# Yamaha BMX?



## bing! (Jul 8, 2010)

Anyone fancy these? How hard would it be to find a banana seat? Totally tempted. I'm just not sure it's a Yamaha frame. If not, it may not be worth the effort.



A good sample.



Got interested listening to the founder of DVO talk about them.


----------



## jimPacNW (Feb 26, 2013)

I knew a kid who had one back in the late 70s iirc. I clearly remember riding it and how it sagged, it was plush!, a little too plush. I don't remember it looking like that one, but my memory rarely seems to be accurate. My cousin had the Kawasaki with the rear suspension and the fake front suspension, - I think those are pretty valuable now, I'm sure they got rid of it just a little too soon. I had a super heavy Schwinn scrambler 36/36, I mowed about a hundred lawns to pay for that pos.


----------



## blog hogs (Feb 13, 2010)

Not a yamaha.Not sure what it is.If nobody here can help,post it here in the name it section. BMXmuseum.com Forums


----------



## syklystt (Mar 31, 2010)

I have this raleigh waiting for a rebuild (frame looks real close to yours)....mostly in good condition...and the fork/shocks still work well.....I remember riding a raleigh and a yamaha way back when....very cool bike you have even if its not a yamaha (shure looks close to it though...maybe a different year/model)...good luck with it...should still be fun to play on.:thumbsup:


----------



## MTB Pharm (Mar 10, 2007)

I had one of these when I was a kid (don't remember the brand). My dad got it from a garage sale. Mine had a seat similar to the raleigh sykystt posted. We called them pineapple seats. Bing!'s bike has similar tabs on the back of the frame for seat mounting. 

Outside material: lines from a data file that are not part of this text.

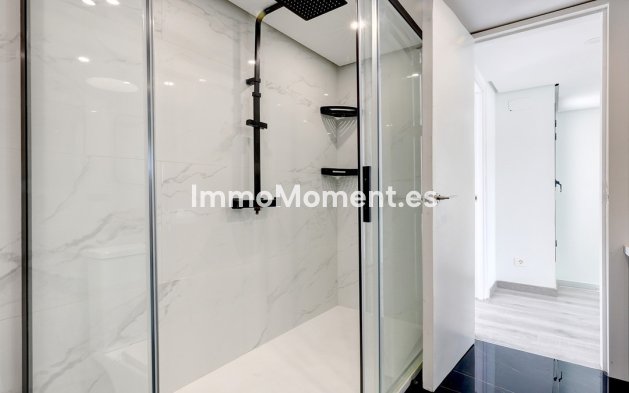 Resale - Apartment - Sotogrande - Sotogrande Costa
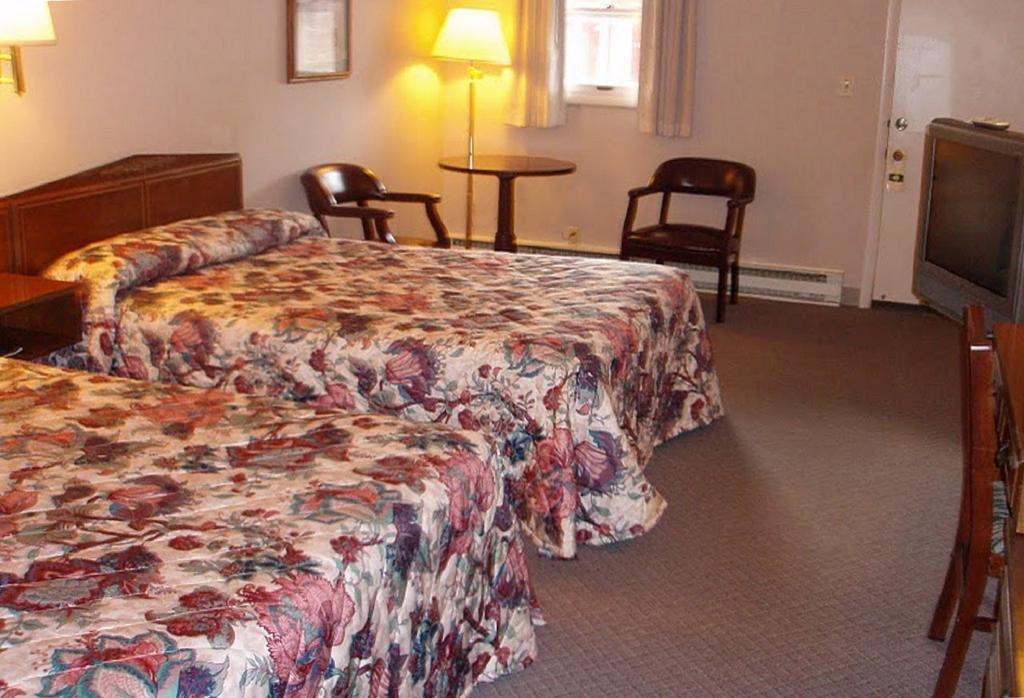 Country Squire Inn And Suites New Holland Exterior photo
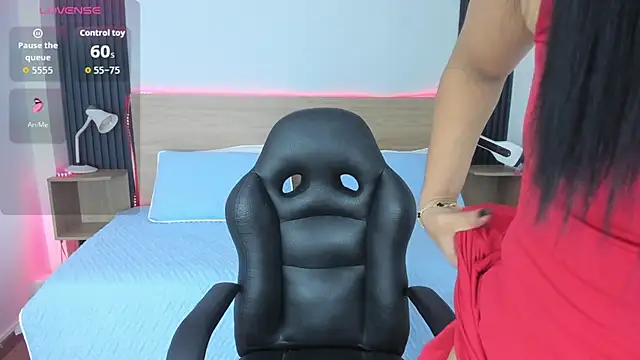 Snapshot of Chiqui_milk_ chatting on September 22, 2025, 7:16 pm Chiqui milk online show from September 22, 2025, 7:16 pm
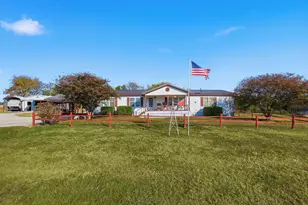 609 Cedar Mills Rd, Gordonville, TX 76245 - Photo 2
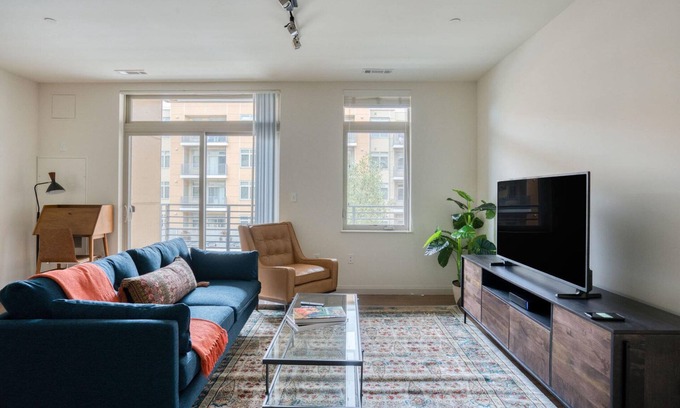Waltham Apartamento | Ideal Waltham 2BR w/ Gym & W/D, near Restaurants, by Blueground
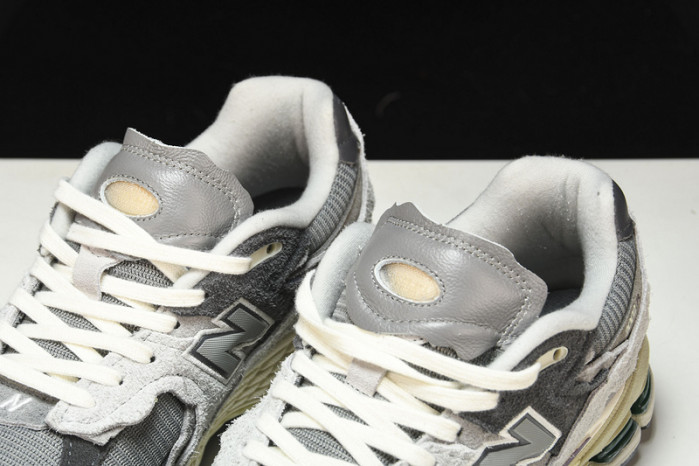 new balance 2002r protection pack rain cloud m2002rda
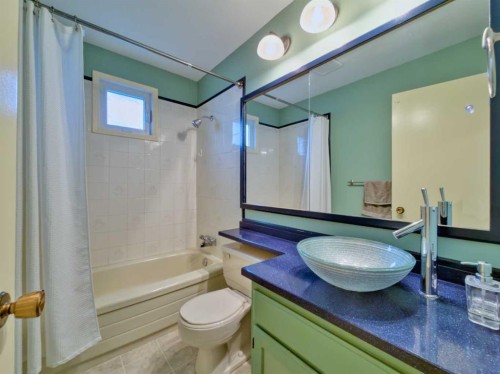 8126 20 Avenue, Coleman, AB - Indoor Photo Showing Bathroom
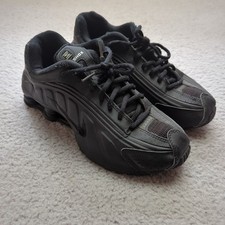 Nike Shox R4 Damenschuhe schwarz UK 5,5 Y2K Vintage Turnschuhe Retro 2000er
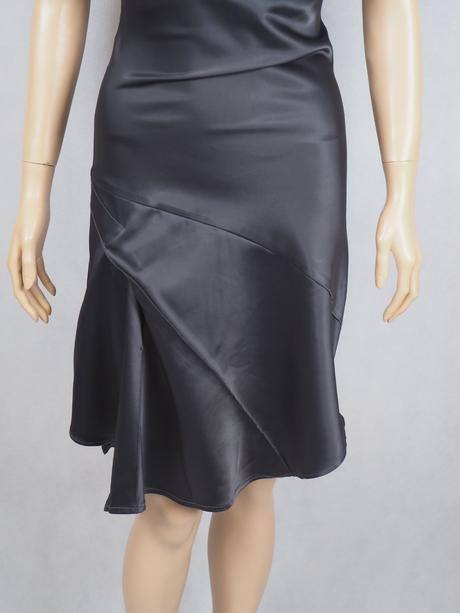 Kvalitné saténové šaty philmore, s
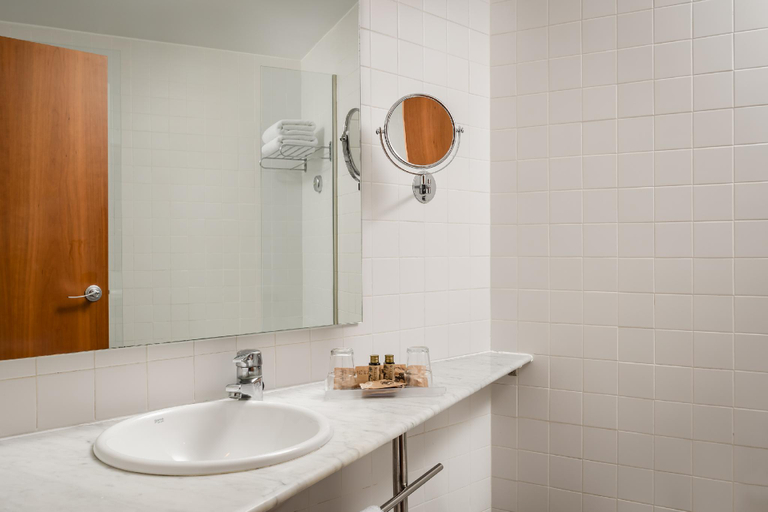 Bathroom 4, Mercer Arrahona Hotel, Barcelona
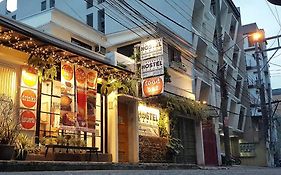 Crossroads Hostel Manila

I don't think you'd be looking for a banana seat. Banana seats usually still attaches via a seatpost and the two side supports. Your bike nor the raleigh has a seat tube. You might be able to find a replacement off of a mini-bike


----------



## Uncle Grumpy (Oct 20, 2005)

I had a similar thing when I was a kid, a Repco Monoshock. Rather than the two springs at the rear it had a big spring in the frame with a pivoting rear triangle. Had very short cranks, very overgeared and massively heavy. I lived at the bottom of a hill, I got strong as a result of that bike. 

It was a Christmas present from my grandparents, I still have it and I restored it a few years ago. I don't have pics.

Get it and build it up, they make a great pit bike!

Grumps


----------